My son has a 1972 charger that is his first car. We spent the summer restoring it and had it running pretty well by end of summer. Idled well but when you try to stomp on it, it would cut out. Accelerate slow and it would be ok. Car has original 318 with the stock carter 2bbl carb and the carb was leaking a little thru the side linkage which had his Mom and me concerned so we bought a rebuilt 2 bbl carb for it. Hooked up the newly rebuilt carb and no more gas leaks but now the engine is running worse!

With the vacuum hooked up, car would immediately die. I have a timing light and tried advancing and retarding timing and no luck. At best, car would idle rough and die once you put it in gear. So we blocked off vacuum and manually adjusted the timing. We have it at 18 and car will idle nice although it is a bit fast at around 850rpm. The problem is once we get the car out and drive, it bogs badly off idle. Most noticable when going up a hill. If we pump the pedal, we can get it past the bog and car accelerates on up but we really need to get problem solved since the hesitation is dangerous. Any advice? I am not really a carb tuning guy but can do the basic stuff. Should we keep tweaking the manucal timing setting or try to get the vacuum advance working?
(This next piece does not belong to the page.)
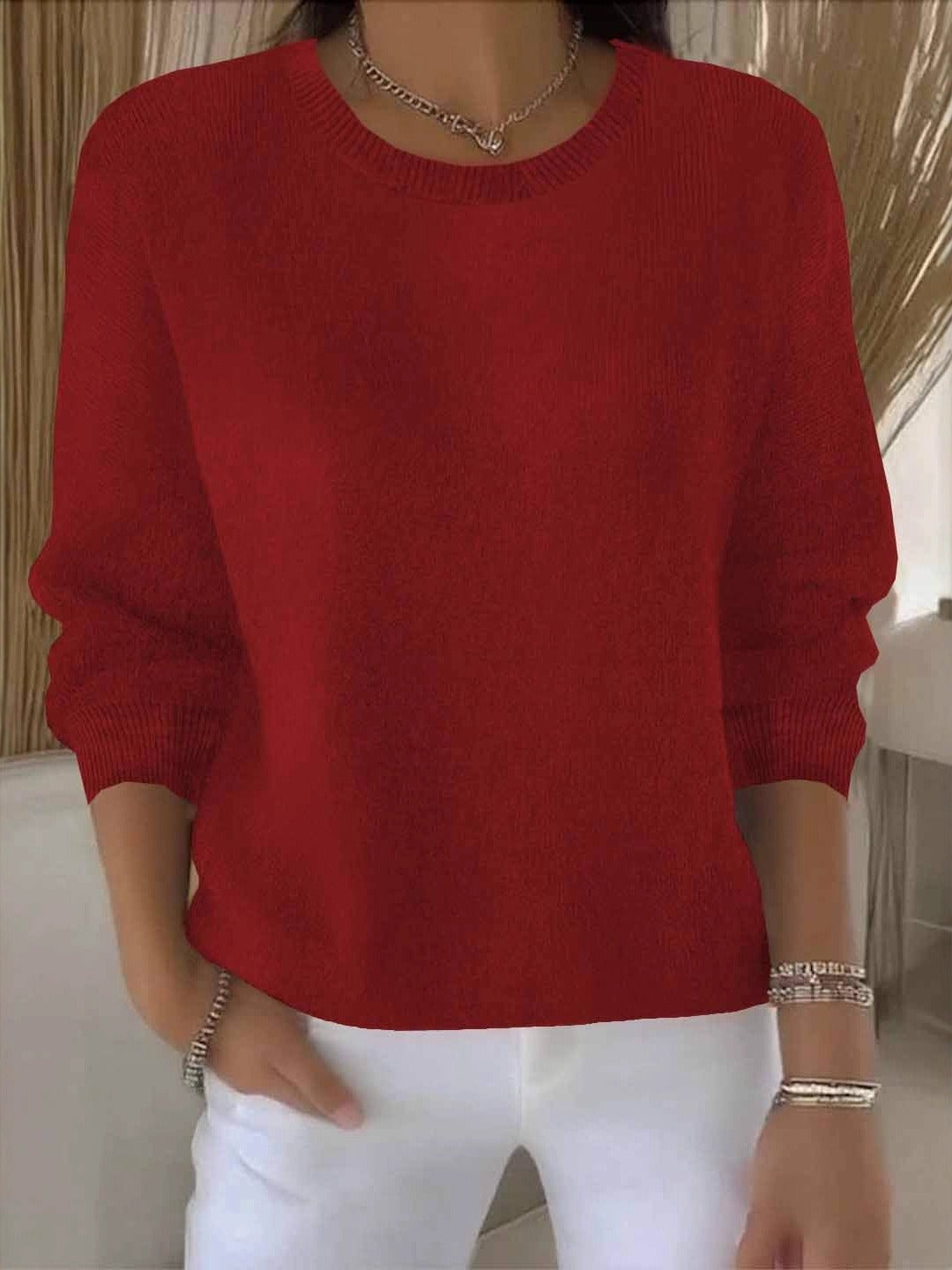 Pull doux jaune Talbot de Danoir Paris, élégant et confortable, vu en gros plan sur le modèle.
Any specific things we should try?

Oh, we have already changed fluids, plugs and wires, fuel filter. Trying to avoid just replacing parts but will if we need to. Don't want him to drive it and have an accident because it dies in traffic.

440charger68

okay i had the same problem with my 68 when i had the old two barrel, it was a number of problems for me though, first it was my fuel pump, it sat too long and could barely function and was not supplying enough gas to the carb. u can have a vacuum leak, i had a split in my gasket where the carb meets the manifold, and u can test the by spraying starter fluid around the carb while running and if its a vacuum leak the motor will speed up. i dont recomend doing it though after running the car too long and its hot. if u didnt clean at your gas tank there could be water in there and dirt and it will clog your jets
life's a garden, dig it.

oldrock

thanks for the reply. we did change the gasket when we put the rebuilt carb in there. I will check for leaks though as new gasket doesn't necessarily mean no leaks on old cars with rebuilt parts. If it is leaking, the question would be how to fix? I know gasket sealer is the cheap and not so good fix but would it be ok?
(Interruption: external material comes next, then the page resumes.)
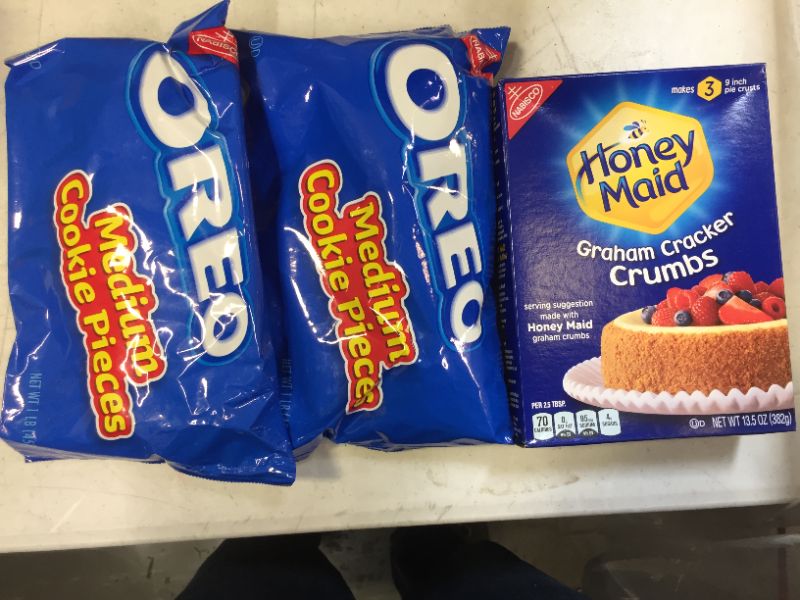 Photo 1 of 2oreo cookie pieces & honey maid graham crackers comes as shown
We put a new gas tank in and flushed the lines, changed the fuel filter so don't think that is an issue but we did not change the fuel pump. Maybe we should just replace that as a preventative measure? We did disconnect the dist and crank the engine when we were changing out the fuel filter just to confirm the fuel pump was running. It did pump a strong flow of fuel although it was kinda surging. I figured that was just because the engine cranks kinda slow. Think we should replace the fuel pump anyway?

Back N Black

Have you adjusted the idle/fuel mixture. Check the fuel pressure before changing the pump, no need to install parts if not required. Also if you have a vaccum gauge adjust the timing to achieve max vac. There is lot of info on here WRT carb. adjustment, just do a search.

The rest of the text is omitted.